Just as with King David, it is pride that drives one to take matters into their own hands, deciding on a particular action of choice not sanctioned by God. The leader (or any believer) who becomes a bit too self-assured, will take matters into their own hands, and God will quite well allow it, and put it to good use, bringing that individual to a place of humility and reality. This is what God did in 1 Chronicles chapter 21.  David opened a door to Satan through his prideful attitude and erroneous focus. He thereby followed the lead of a wrong spirit, provoking him to implement the census-taking.  Joab, David’s General, questioned him, advising against it: “Your Majesty, even if the Lord made your kingdom a hundred times larger, you would still rule everyone in it. Why do you need to know how many soldiers there are?”(1 Chron.21:3). “Though warned by Joab, David counted the available soldiers to be assured of his kingdom’s military strength, rather than trusting in God’s complete leadership and control” (CEV, p.762, The Learning Bible, ABS, NY, 1995). Interesting is the realization that Joab, who was quite a carnal character, murderous and violent, and nowhere near David’s walk with the Lord, was the one to point out that this action was not only unnecessary, but would not be to God’s liking. This indicates another variation of the ways in which God works. He will use unbelievers, carnal believers, or whoever as He wishes, to bring correction to His chosen ones/leaders when they err. 

Interesting also, is the fact that God does retract His plan to punish Israel further.

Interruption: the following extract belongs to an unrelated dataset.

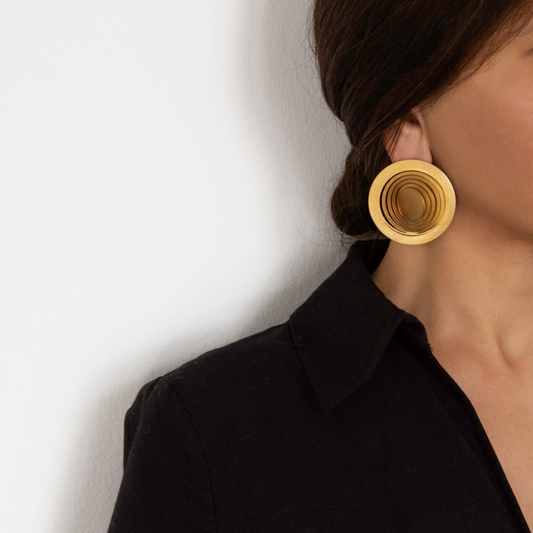 Gold plated brass circular earrings with layered cutout detailing, statement imitation jewelry from shape-shifting collection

Not only had He visited a plague upon the land, but He was intending to bring complete destruction upon Jerusalem; but when David was stricken with grief and immediately not only repented but also interceded for Israel, God relented: “David prayed, and the Lord answered him by sending fire down on the altar. Then the Lord commanded the angel to put the sword away” (1 Chron.21:26,27).

What can we take away from this? Is there a possible parallel here with the current pandemic world situation? Is there something to be gleaned from this? Is this a principle, or is it an isolated event

It would seem that there may be parallels. There may be a principle here – i.e., conviction/repentance/altered behaviour/intercession may reverse the curse, or change God’s intended line of action. That portion of the occurrence would seem to indicate a parallel.

However, what about the difference in the scope/parameters of the population to whom the situation applies? It would seem that here may be a significant intersection, leading to a full stop, perhaps a deadend/no exit street. 

In the case of Israel, King David as leader had the authority, and God’s anointing to stand for his people.  In response to his sincere conviction and repentance, offering up sacrifices and intercession,  the judgment and planned punishment/the curse was reversed. It bore no application to any other peoples or locations, as this was exclusive to Israel. 

In the present world situation, a global pandemic encompassing all nations, pervading and permeating, penetrating all societal and national boundaries and borders would require the collective agreement (in prayer including conviction, repentance, intercession) from all national leaders in order for such total reversal to occur. 

Whether an individual nation could be released from the grip of the plague (or whatever other form such  judgment may assume) on the basis of an individual leader’s conviction/repentance, or the religious leaders and people involved being united in prayer is a separate matter. Perhaps, in the pre-tribulation phase, prior to the formation of the One-world-government leader this would be an option. However, once under the domination of the One-World Government, when all the nations’ leaders have submitted to this authority, there will be no such recourse. And the TRIBULATION PERIOD is non-negotiable, not only in its occurrence, but in its sequence of events and certainty of those events/judgments, for Jesus/Yeshua clearly states right from the top: “The Revelation of Jesus Christ, which God gave Him to show His servants—things which must shortly take place” (Rev.1:1). 


1 Chronicles chapter 21


Judges 7:2





The Learning Bible, CEV, ABS, NY, 1995.